During my childhood days, the Edi festival featured a man who carried a shroud of palm leaves, surrounded by palace chiefs and a joyful crowd that chanted, “take away death, take away sickness” amidst drumming and dancing, with the king paying homage to his subjects. Before emergence of the shroud in the public, first within the palace, it had gone through a process of rituals and rites inside one of the bungalows in the palace, adjacent to a quarter of palace workers and a magnificent hall called Ile Nla, which also serve as a secondary museum, having different types of historical artifacts mounted on the wall for public viewing. After the shroud had emerged from the bungalow, he would go straight to the front of the king’s residence-within the palace, then into the hall and with the king in the procession accompanied by drumming, singing and dancing.
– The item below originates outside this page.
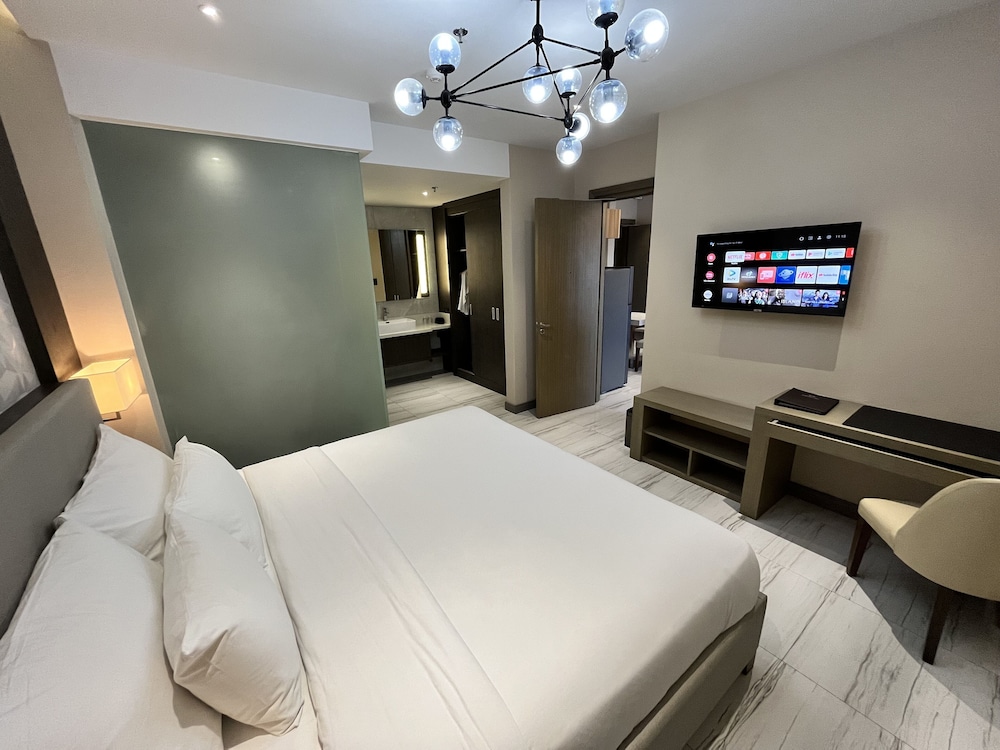 Executive Suite - Photo 1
After the congregation and ceremony in the hall, the king and the shroud would be led out into a large playing ground in front of the hall, where the king would be seated under a giant umbrella where he would play host to a very large crowd. The crowd would then be led out of the palace through a gate to the outside playing ground called Enuwa Square in front of the palace, where the king would continue the ceremonial parleying with his subjects; and from there the procession goes to a hilly area- Oke Mogun- about two hundred and fifty meters away from the palace, where final ritual is performed in the open, from where the king would return to the palace and the shroud would be led toward a road that leads out of town , accompanied by a chanting crowd and palace chiefs to a far away forest area from where, I learnt as a child, he would not return until early hours of the following morning, alone without the shroud believed to represent misfortunes like sicknesses, untimely death, and bareness.
During the Olojo festival, the shroud would be replaced by palace chiefs, dressed in white shorts, upper torso painted in white and brown colors in two halves-horizontally, each holding a small calabash stocked with feathers on one hand and canes on the other. The preparation and emergence followed the same process; in the same bungalow behind the hall. The difference between the two festivals is that, unlike the Edi, the Olojo is a thanksgiving and celebratory festival, when thanks are offered to the creator for his mercy and blessings. The word-Olojo- means the owner of the day and the universe.